Los representantes de la Nueva Derecha se ven a sí mismos como redentores o como salvadores de patrias y pueblos en decadencia, y se autoadjudican la misión de desvelar las causas de esa decadencia (la democracia entre otras) y liderar a una sociedad capaz de “regenerarse” y de reconstruir un pasado identitario supuestamente “auténtico”. Una sociedad en la que las diferencias sociales son naturalizadas y la desigualdad aparece como una categoría ontológica y axiológica que viene a definir no solo quién es quién en la jerarquía social, sino cuánto valen las personas.
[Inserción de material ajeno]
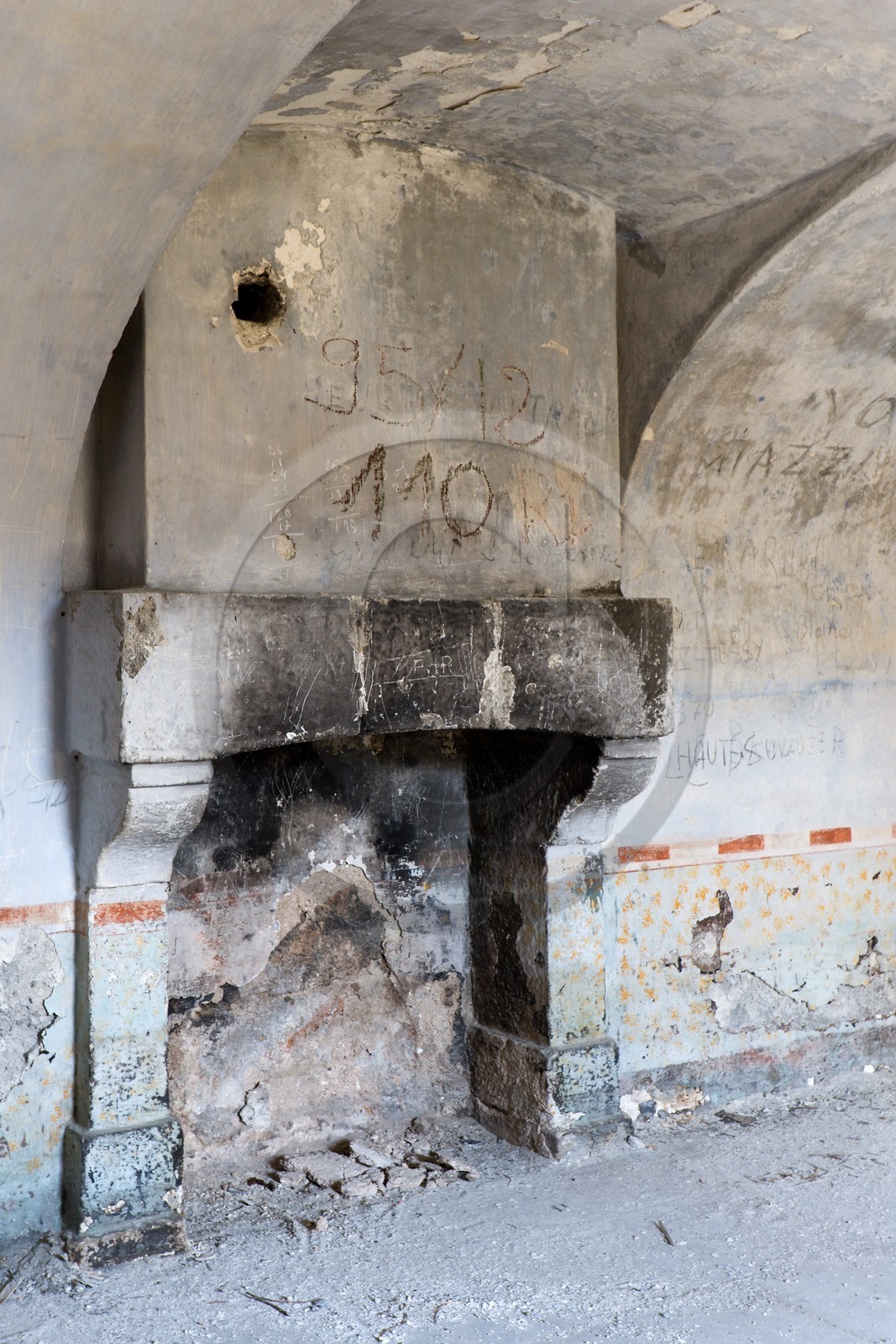 Briançon, Fort du Randouillet, cheminée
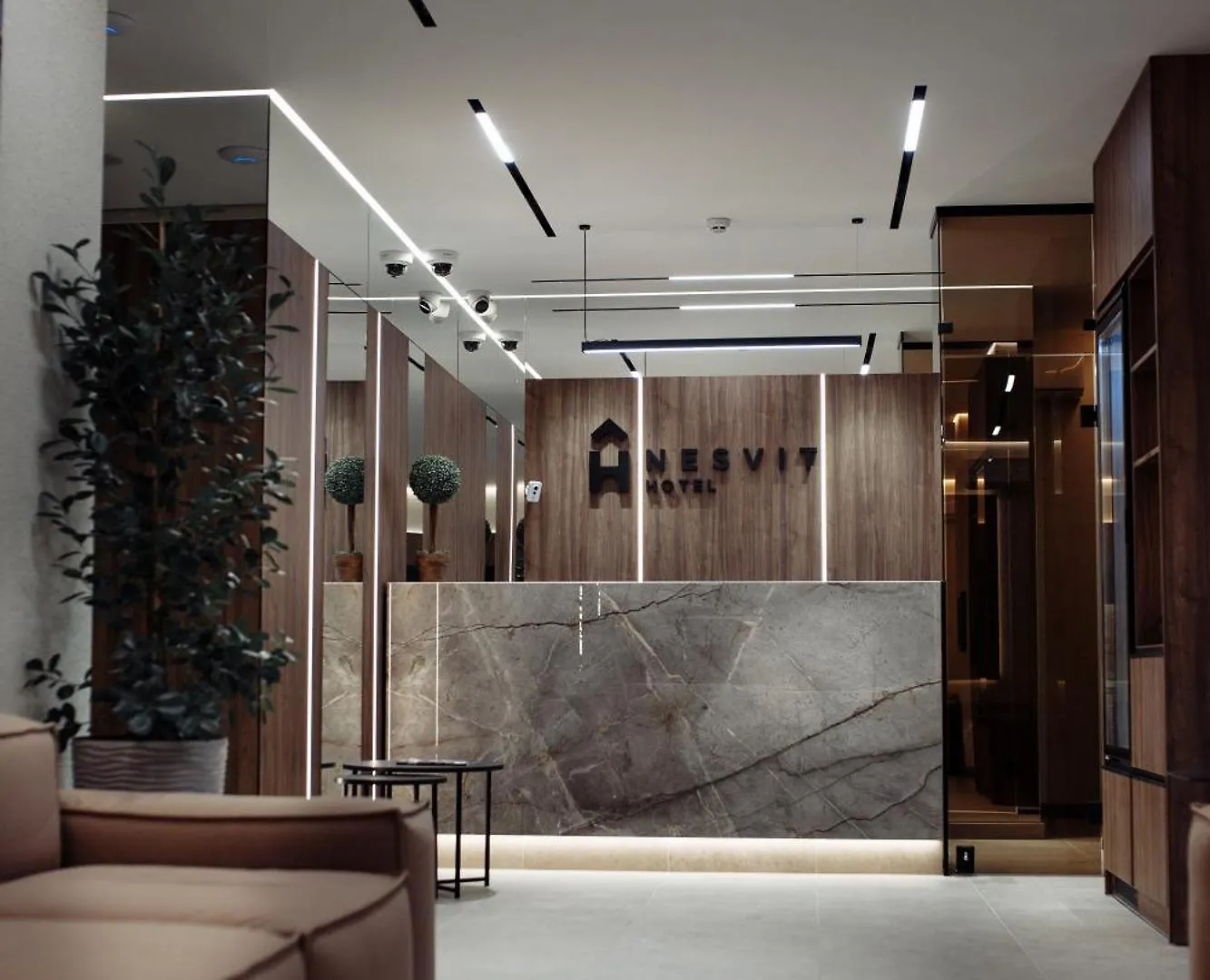 Nesvit Hotel Kyiv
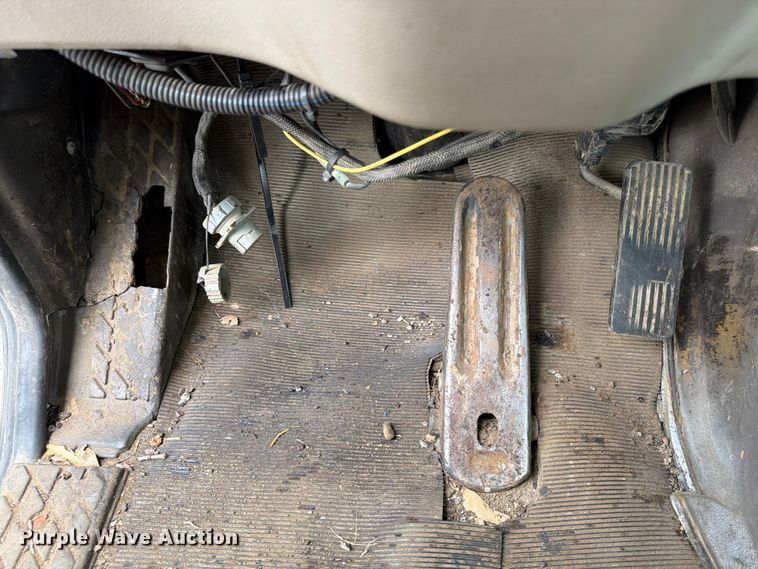 image for item FU4526 2004 Sterling L9500 truck cab and chassis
Se trata, en definitiva, de un retorno a los “valores trascendentes” que la izquierda no comparte y que, según lamentan, la derecha convencional no ha sabido mantener.

La Nueva Derecha oferta un nacionalismo pertinaz, y hasta fanático, que se apoya en la exaltación exagerada y contumaz de valores patrióticos y cristianos, siempre con un sentimiento de clase y de etnia que deja fuera de su “patria” a los desposeídos y a los diferentes, a indígenas y emigrantes, a adversarios políticos y otros “traidores”. Racismo, xenofobia, incitación al odio o tentaciones autoritarias y antidemocráticas terminan aflorando, indefectiblemente, en esta nueva e intransigente extrema derecha.
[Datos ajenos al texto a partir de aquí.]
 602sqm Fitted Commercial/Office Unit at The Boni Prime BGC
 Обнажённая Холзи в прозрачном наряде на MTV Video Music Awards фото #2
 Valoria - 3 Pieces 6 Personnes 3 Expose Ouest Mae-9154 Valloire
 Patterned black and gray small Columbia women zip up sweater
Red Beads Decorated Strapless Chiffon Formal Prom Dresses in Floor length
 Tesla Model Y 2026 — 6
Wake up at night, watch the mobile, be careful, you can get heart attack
Así la cosas, ¿por qué se ha producido ese impresionante viraje en el voto popular de muchos países hacia estas nuevas fuerzas políticas?, ¿por qué en los barrios obreros europeos, con un pasado de izquierda reivindicativa, la derecha populista obtiene tan buenos resultados electorales?, ¿por qué en Estados Unidos los condados más pobres optan masivamente por el Tea Party y por Donald Trump?, ¿por qué Jair Bolsonaro ha llegado a ocupar la presidencia brasileña tras un holgado triunfo electoral, a pesar de su discurso autoritario, ultraconservador y partidario de la dictadura militar?

Naturalmente, para un viejo marxista esto puede resultar hasta cierto punto incomprensible, pero es necesario ampliar el análisis. Antonio Gramsci podría darnos claves importantes para entender no solo la importancia de los medios materiales y las relaciones de producción, sino también de las ideologías y las creencias. Incluso en un sentido weberiano podríamos decir que la Nueva Derecha no aspira a cubrir las necesidades materiales de la población, lo que sería incompatible con la obtención de plusvalía y su adscripción capitalista, sino los vacíos existenciales de los votantes. Muchos ciudadanos parecen sentir que, con la crisis económica, la inestabilidad laboral, los recortes en servicios públicos, etc., no solo están perdiendo bienestar, sino también identidad. Con la Nueva Derecha la identidad colectiva (de patriotas, blancos, cristianos y respetuosos con las tradiciones) se eleva a la categoría de fetiche y se equipara con una especie de “orgullo nacional” frente a “los otros”.

Como reza el título de este libro, que me honro en prologar, las nuevas derechas desafían gravemente las democracias actuales. En las páginas que siguen Omar Alejandro Bravo ha sabido rodearse de un solvente grupo de científicos sociales que han sido capaces de analizar, a través de estudios de caso muy bien elegidos, algunas de las peligrosas consecuencias del ascenso de la extrema derecha y del (neo)fascismo en todo el mundo y, en el caso que nos ocupa, en América Latina. Solo así puede desenmascararse la falsa ambigüedad con que a veces se presenta, contribuyendo a un pensamiento crítico y a una conciencia crítica –aquella conscientiazaçao propugnada por Paulo Freire en su Pedagogía del oprimido– que resulta hoy de una necesidad imperiosa para sustentar y reforzar un imprescindible y militante sentimiento antifascista.